As university staff, we like to imagine our institution among the illustrious ranks of customer experience (CX) leaders—your Hiltons, Zappos, and Disneys, organizations famous for providing relentless support and a quality experience every step along the customer’s path.

But it took these giants more than imagination to get there. The world’s CX leaders became leaders because they deliberately embedded customer experience practices into every process. The reason why is simple: if they don’t, a competitor’s site is just a click away. 

But what happens when it’s not so easy to jump ship and go with a competitor? Consider banks. Switching banks can be time-consuming and frustrating, so customers often opt to stick with the one they have even if they would prefer to go. A study by Bain & Company reported that “Many consumers—about 29% globally on average—said they would switch their primary bank if it were easy to do so” (Toit & Burns, 2016). 

Similarly, university students have made a commitment that takes more than a few clicks to undo. They certainly can switch to another school, but it’s not as easy as looking up another retailer’s website when the first one lets you down—and the financial investment is much more significant. Students may be willing to endure a poor experience if they feel that the burden of transferring to a different institution is greater than the challenges associated with staying. Students who are several terms into their degree may have built up enough loyalty toward the university that they are willing to overlook a poor experience. Does this mean that universities can get away with deprioritizing customer experience? 

I would argue that organizations whose customers have to jump over some hurdles to leave have an even greater responsibility to ensure quality customer experience. We want our students to stay with our institution because it brings them the most value, not because switching is too inconvenient. Achieving this is a complex task, but we can follow the example set by customer experience leaders and deliberately embed experience throughout our processes.

So, how do we go about becoming a more customer-centric university? Simply put, by putting the customer back into customer experience. Some academics may balk at the term “customer” in the context of higher education, but for the purposes of this article, customer refers to our students and stands as a reminder that we are here to serve them—not the other way around. 

Getting started: know your audience

Customer experience begins with understanding the people who consume your product, whether that’s an industry-leading e-commerce site or a college-level online course. Before designing anything else, ask yourself: who is my target audience? What does their average day look like, in and out of the virtual classroom? What are their priorities, goals, fears? What other things are vying for their attention? Why are they enrolling in this course? Through this line of questioning, we broaden our perspective and view students as human beings with full lives in which our university plays but a small part. 
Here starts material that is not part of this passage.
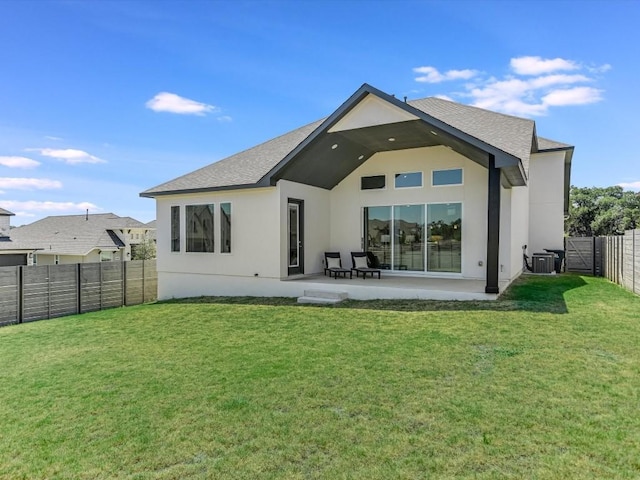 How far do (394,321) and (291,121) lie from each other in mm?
13063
Asking yourself these questions is easy, but there is no customer centricity if you don’t involve the customer. Next, it’s time to arrange interviews and talk to your target audience. Get to know them, understand why and how they are using your course. Hear directly from the source. Surveys have their time and place, but they can’t come close to the richness and depth of human interaction. Interviewing is a bountiful source of data you can use to create personasjourney maps, and user flows to support your development process. Bring these pieces back to your audience—do they see themselves in these? Are there gaps? What questions do they have? Use this data, your knowledge of your audience, as the foundation for your customer experience. Assumptions are poisonous, and learning is the antidote.
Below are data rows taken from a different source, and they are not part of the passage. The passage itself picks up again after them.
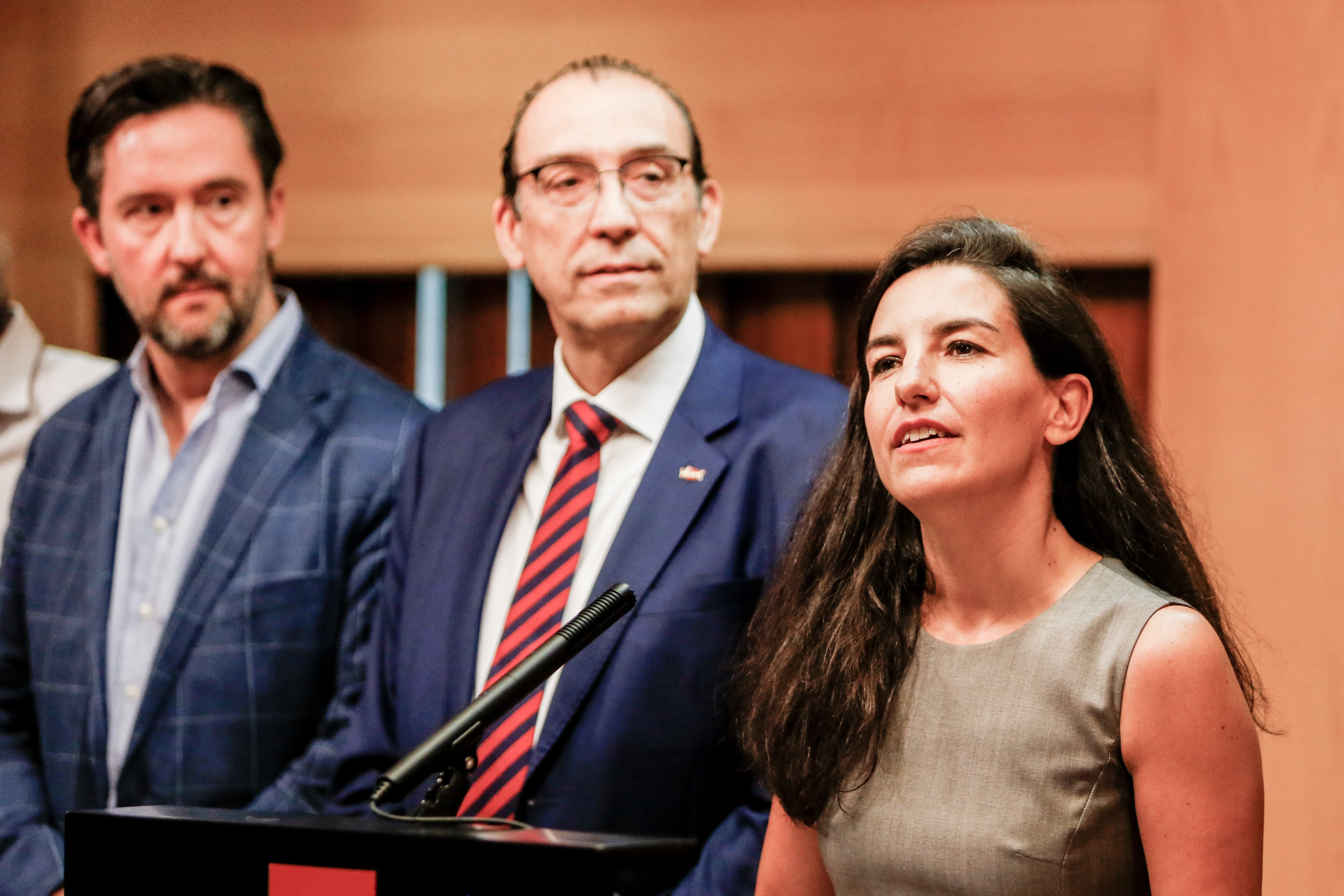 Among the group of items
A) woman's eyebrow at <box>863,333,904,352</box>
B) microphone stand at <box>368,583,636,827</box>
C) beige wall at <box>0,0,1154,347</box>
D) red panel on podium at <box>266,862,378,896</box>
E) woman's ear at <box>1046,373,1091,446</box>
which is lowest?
red panel on podium at <box>266,862,378,896</box>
Solve the right problem, solve the problem right

When we begin with a deep understanding of our target audience, we increase our chances of solving the right problems while diluting HIPPO-led decision-making (that is, letting the highest-paid person’s opinion direct the team’s design focus). As we begin to sort through our research and identify themes, the next temptation we must resist is jumping straight to solutions. Instead, lay the groundwork for productive solutioning: identify themes from your interviews and research, prioritize the issues, then fearlessly explore a wide variety of potential solutions. From these ideas, a quality few will emerge, and you’ll be better positioned to develop solutions based on real customer needs, not stakeholder opinions.
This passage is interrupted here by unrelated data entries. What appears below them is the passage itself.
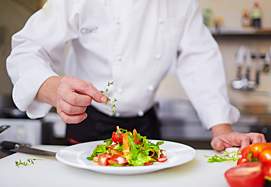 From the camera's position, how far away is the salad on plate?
2.16 ft

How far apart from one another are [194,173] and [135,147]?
150mm

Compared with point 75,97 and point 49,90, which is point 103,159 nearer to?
point 75,97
As you enter the solutions phase, avoid designing in a vacuum. Get feedback from students on everything, from half-formed ideas to early sketches, to finely tuned prototypes. Receive feedback with a neutral researcher state of mind. Openness to feedback at every stage of the process will help you avoid becoming too attached to your own design ideas, creating fertile ground for the best version to thrive.

Feedback is essential, but to go a step further, why not invite students to co-design with you? Engage them in card sorts and tree tests, which help decide how content should be labeled and organized to match their mental models. Or organize a co-design workshop, in which participants create storyboards, collages, their ideal solution to a relevant problem, and more. Inviting your customers into your design process doesn’t mean that participants become the designers and make your expertise redundant. Instead, think of them as the subject matter experts on their own experience. Use their creations as source material to design a highly effective product that integrates your expertise with their goals, mental models, and preferences. 

Gather feedback—and use it

You’ve come this far in a process steeped in customer centricity, so don’t stop there! After you’ve thoughtfully and collaboratively created a product that solves real problems, serves the needs of your target audience, and helps them meet their goals, you have an opportunity to test your product and gather more feedback. If you haven’t done so already, this is a great time to conduct usability testing with members of your target audience. Invite them to try out your product by giving them key tasks to complete, and observe any moments of confusion, hesitation, and success.

A more quantitative, though often time-consuming, approach is piloting your product. With an eye toward learning and iteration, piloting entails launching a new or redesigned version of a product to a subset of customers, gathering data and feedback, and making adjustments. A/B testing provides an added layer: you’ll compare the new design to the old and see which one performs better against chosen metrics, such as student success, persistence, or satisfaction.

All of these methods should influence the design. Research should always inform improvements. It’s not a box to be checked but a call to action. The more you can learn and iterate before launch, the better. The time and effort you spend will pay dividends in the form of reduced frustration and support tickets and better customer experience.

A culture of continuous CX improvement

You’ve created your customer-centric product, but the work is never done. This process is a cycle: research findings may call for more research, early feedback may necessitate a return to the drawing board, usability tests may uncover problems that require new design iterations to solve. The more you include your target audience in your process, the fewer missteps you’ll make and the less backtracking you’ll need to do to arrive at the final version. 

But even the final version shouldn’t be set in stone. After launch, monitor customer experience data, gather feedback, talk to your support staff, and evaluate both your own product and those of competitors to unearth potential ideas on which to consult your target audience. The methods mentioned in this article merely scratch the surface, and there are many different approaches to increasing customer centricity in your development processes—many of them speedy and cost-effective. Always strive to improve.

This is a culture of a continuous customer experience improvement. In this culture, customer experience is the lifeblood of your development process, not an afterthought. Everyone must take part in building a product or service that begins and ends with meeting customer needs and expectations. 

This culture doesn’t appear overnight. You may not be able to immediately incorporate as much customer involvement and feedback as you might want in your process, whether due to lack of time, budget, or buy-in. That’s ok—do what you can. Any customer involvement is better than none. A great customer experience starts with the desire to do better for the customer, and if you have that, you’re on your way. 

Corporations and universities are complex beasts, and it takes more than customer centricity to prevail. However, customer centricity is increasingly becoming non-negotiable,  separating the successful institutions from the failed. While corporations have many priorities that rightfully aren’t included on most university roadmaps, we would do well to learn from the customer experience leaders in how they leverage customer voice, data, and feedback toward continuous improvement. Most of us have a long way to go on our journey to true customer centricity, but even a single step forward brings us closer to the destination—as long as we invite our customers to join us.